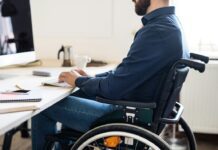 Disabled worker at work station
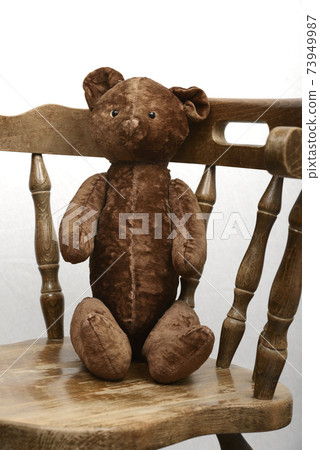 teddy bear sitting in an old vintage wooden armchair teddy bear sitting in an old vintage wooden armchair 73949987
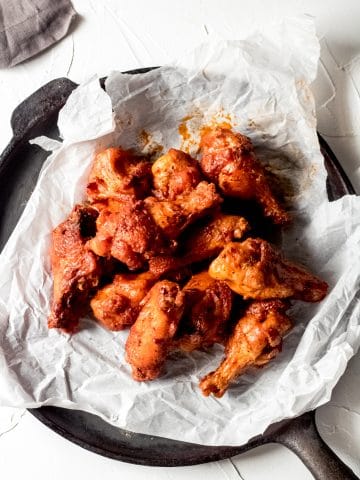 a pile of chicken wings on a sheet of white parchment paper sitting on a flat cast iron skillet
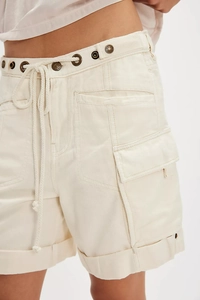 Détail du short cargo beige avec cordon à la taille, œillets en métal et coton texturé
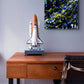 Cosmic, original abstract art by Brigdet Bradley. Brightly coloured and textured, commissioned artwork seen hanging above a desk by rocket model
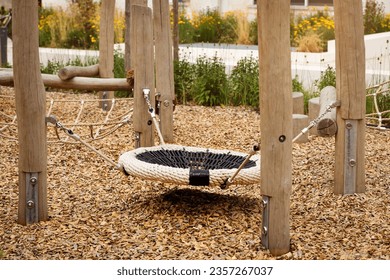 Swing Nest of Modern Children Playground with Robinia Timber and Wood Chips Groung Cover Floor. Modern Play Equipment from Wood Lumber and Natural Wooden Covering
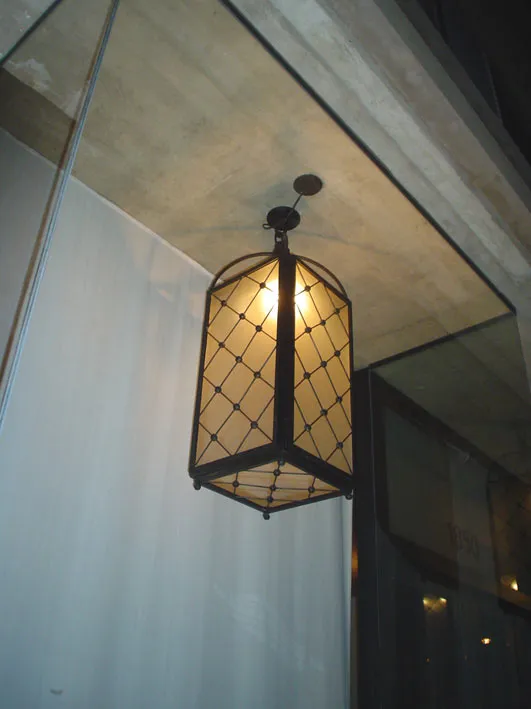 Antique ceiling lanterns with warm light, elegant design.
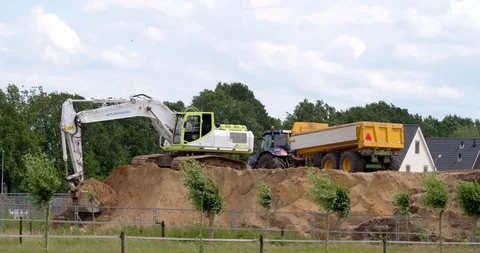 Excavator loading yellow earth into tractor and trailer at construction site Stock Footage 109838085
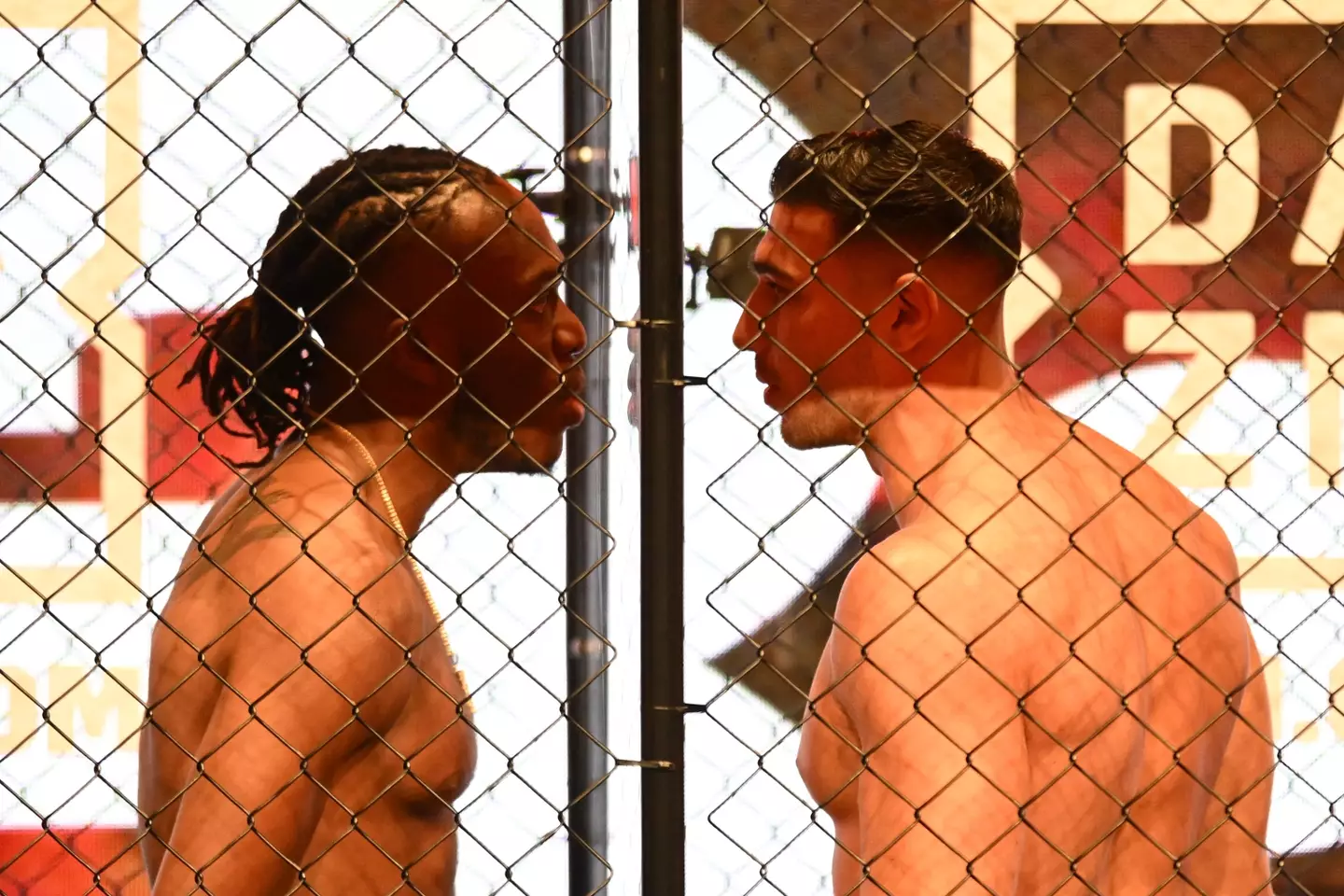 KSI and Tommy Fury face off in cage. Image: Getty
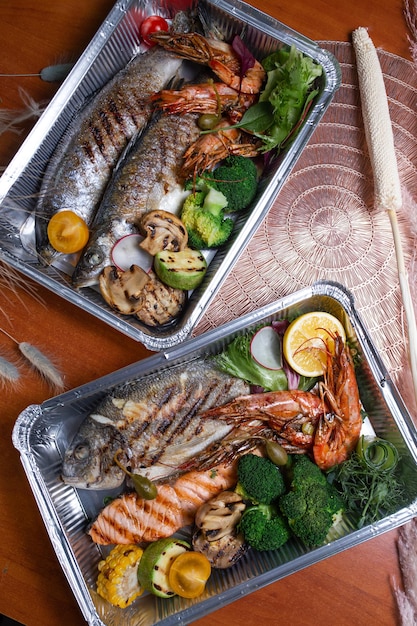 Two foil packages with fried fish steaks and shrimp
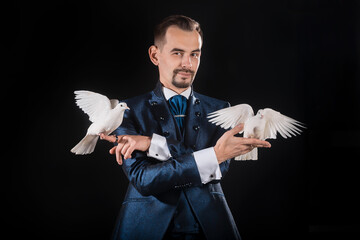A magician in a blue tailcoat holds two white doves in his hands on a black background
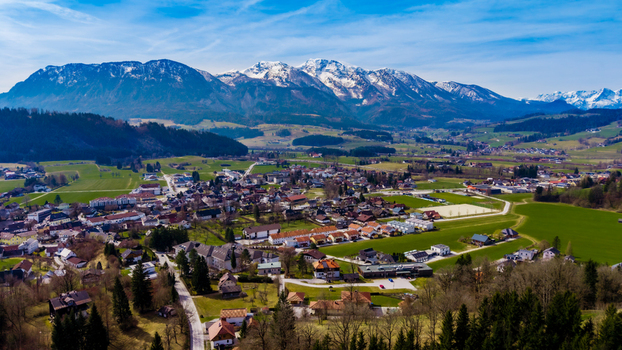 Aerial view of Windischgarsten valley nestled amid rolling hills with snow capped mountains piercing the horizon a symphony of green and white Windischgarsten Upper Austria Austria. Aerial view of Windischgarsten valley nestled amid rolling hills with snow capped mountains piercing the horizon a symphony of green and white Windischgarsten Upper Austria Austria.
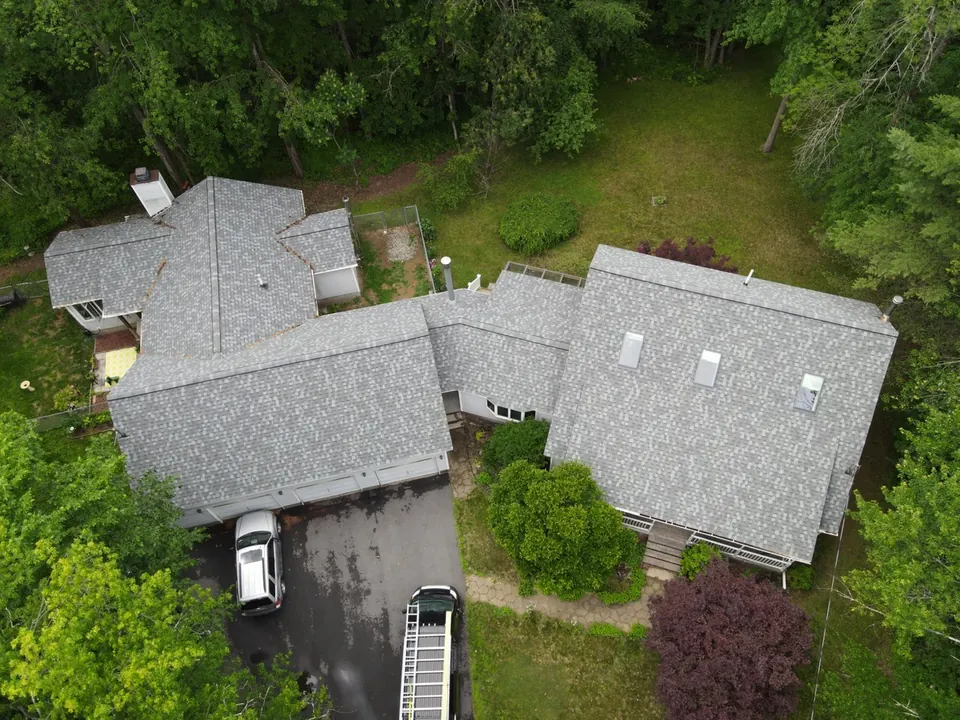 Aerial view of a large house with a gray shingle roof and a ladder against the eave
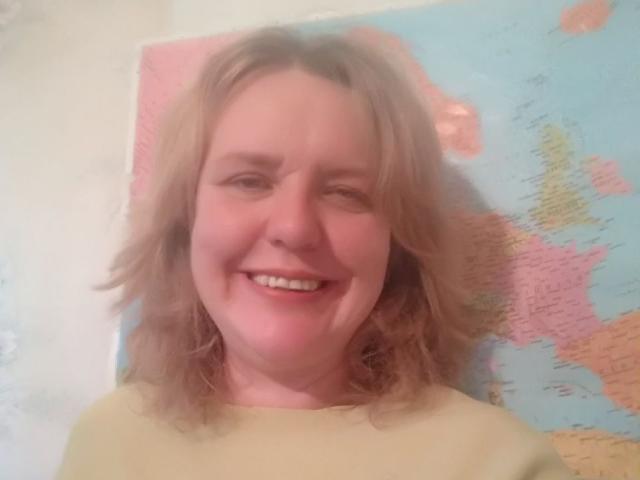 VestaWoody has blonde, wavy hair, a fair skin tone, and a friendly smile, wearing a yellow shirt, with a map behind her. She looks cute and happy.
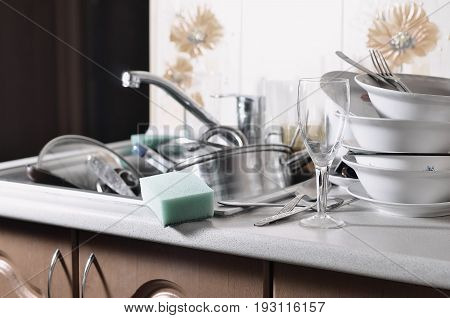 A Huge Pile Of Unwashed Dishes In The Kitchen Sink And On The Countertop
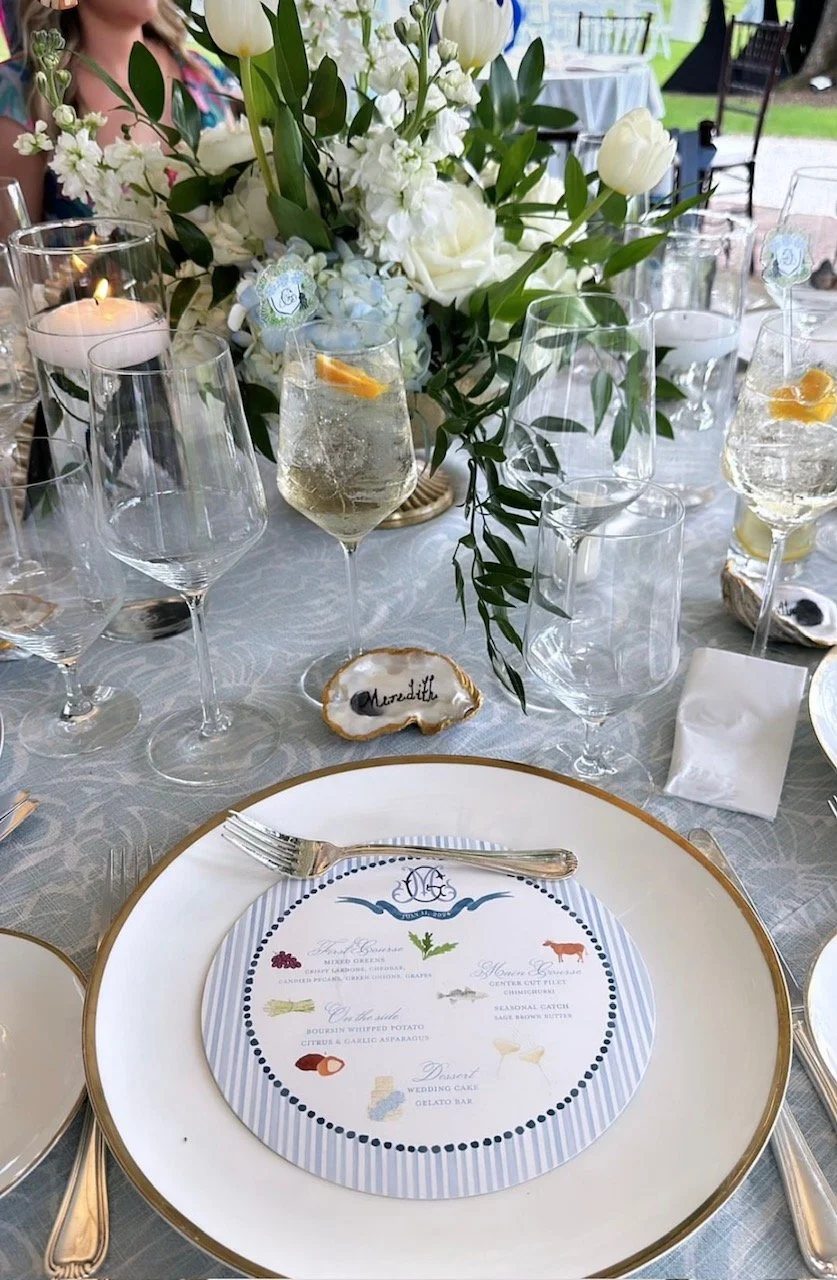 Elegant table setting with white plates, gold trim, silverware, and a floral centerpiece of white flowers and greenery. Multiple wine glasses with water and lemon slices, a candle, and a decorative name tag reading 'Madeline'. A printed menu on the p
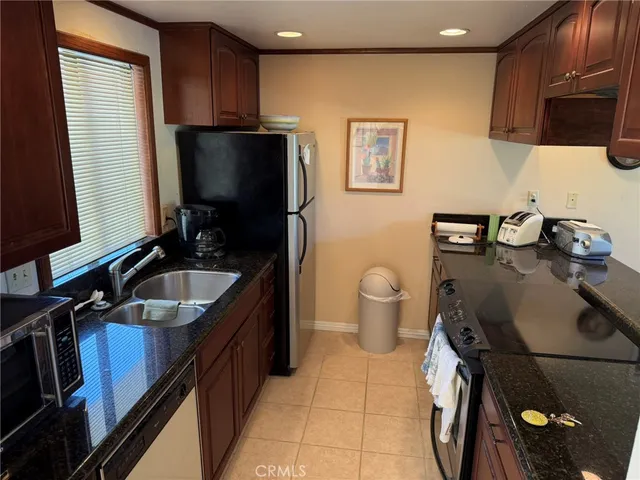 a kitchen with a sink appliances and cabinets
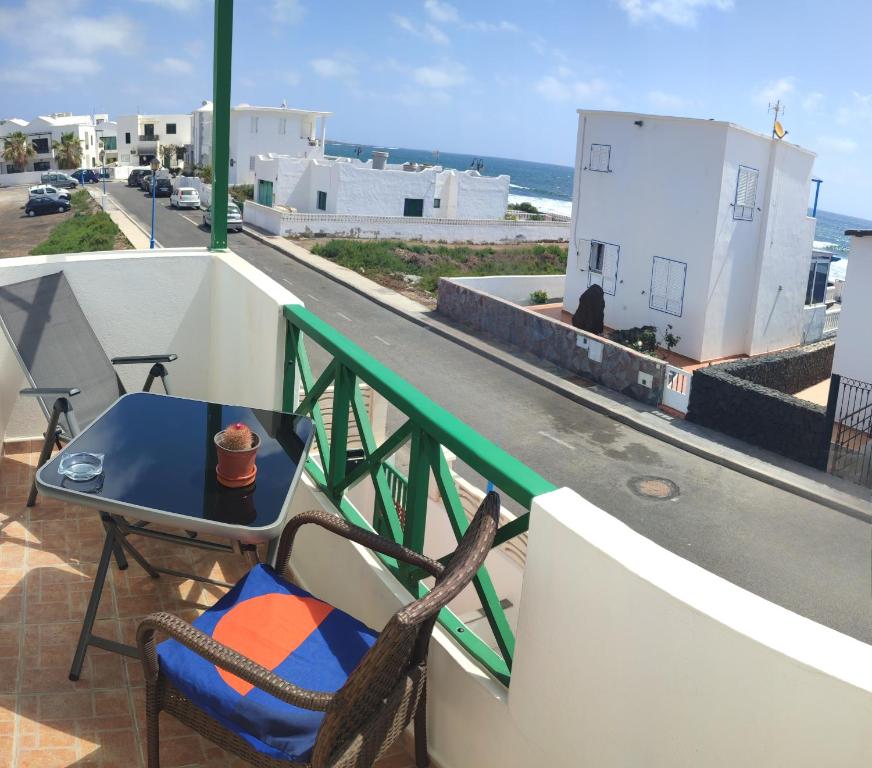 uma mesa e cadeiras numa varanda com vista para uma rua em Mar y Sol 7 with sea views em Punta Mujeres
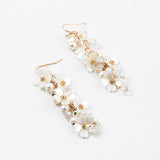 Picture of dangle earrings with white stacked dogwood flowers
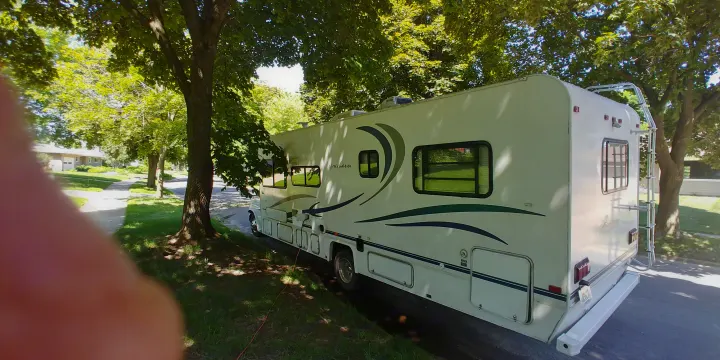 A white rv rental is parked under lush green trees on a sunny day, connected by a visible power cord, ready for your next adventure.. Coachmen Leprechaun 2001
········
__Your task__.
Copy out every line of the material above precisely, omitting the pictures.

__Solution to the exercise__.
 Disabled worker at work station
 teddy bear sitting in an old vintage wooden armchair teddy bear sitting in an old vintage wooden armchair 73949987
 a pile of chicken wings on a sheet of white parchment paper sitting on a flat cast iron skillet
 Détail du short cargo beige avec cordon à la taille, œillets en métal et coton texturé
 Cosmic, original abstract art by Brigdet Bradley. Brightly coloured and textured, commissioned artwork seen hanging above a desk by rocket model
 Swing Nest of Modern Children Playground with Robinia Timber and Wood Chips Groung Cover Floor. Modern Play Equipment from Wood Lumber and Natural Wooden Covering
 Antique ceiling lanterns with warm light, elegant design.
 Excavator loading yellow earth into tractor and trailer at construction site Stock Footage 109838085
 KSI and Tommy Fury face off in cage. Image: Getty
 Two foil packages with fried fish steaks and shrimp
A magician in a blue tailcoat holds two white doves in his hands on a black background
 Aerial view of Windischgarsten valley nestled amid rolling hills with snow capped mountains piercing the horizon a symphony of green and white Windischgarsten Upper Austria Austria. Aerial view of Windischgarsten valley nestled amid rolling hills with snow capped mountains piercing the horizon a symphony of green and white Windischgarsten Upper Austria Austria.
 Aerial view of a large house with a gray shingle roof and a ladder against the eave
 VestaWoody has blonde, wavy hair, a fair skin tone, and a friendly smile, wearing a yellow shirt, with a map behind her. She looks cute and happy.
 A Huge Pile Of Unwashed Dishes In The Kitchen Sink And On The Countertop
 Elegant table setting with white plates, gold trim, silverware, and a floral centerpiece of white flowers and greenery. Multiple wine glasses with water and lemon slices, a candle, and a decorative name tag reading 'Madeline'. A printed menu on the p
 a kitchen with a sink appliances and cabinets
 uma mesa e cadeiras numa varanda com vista para uma rua em Mar y Sol 7 with sea views em Punta Mujeres
 Picture of dangle earrings with white stacked dogwood flowers
 A white rv rental is parked under lush green trees on a sunny day, connected by a visible power cord, ready for your next adventure.. Coachmen Leprechaun 2001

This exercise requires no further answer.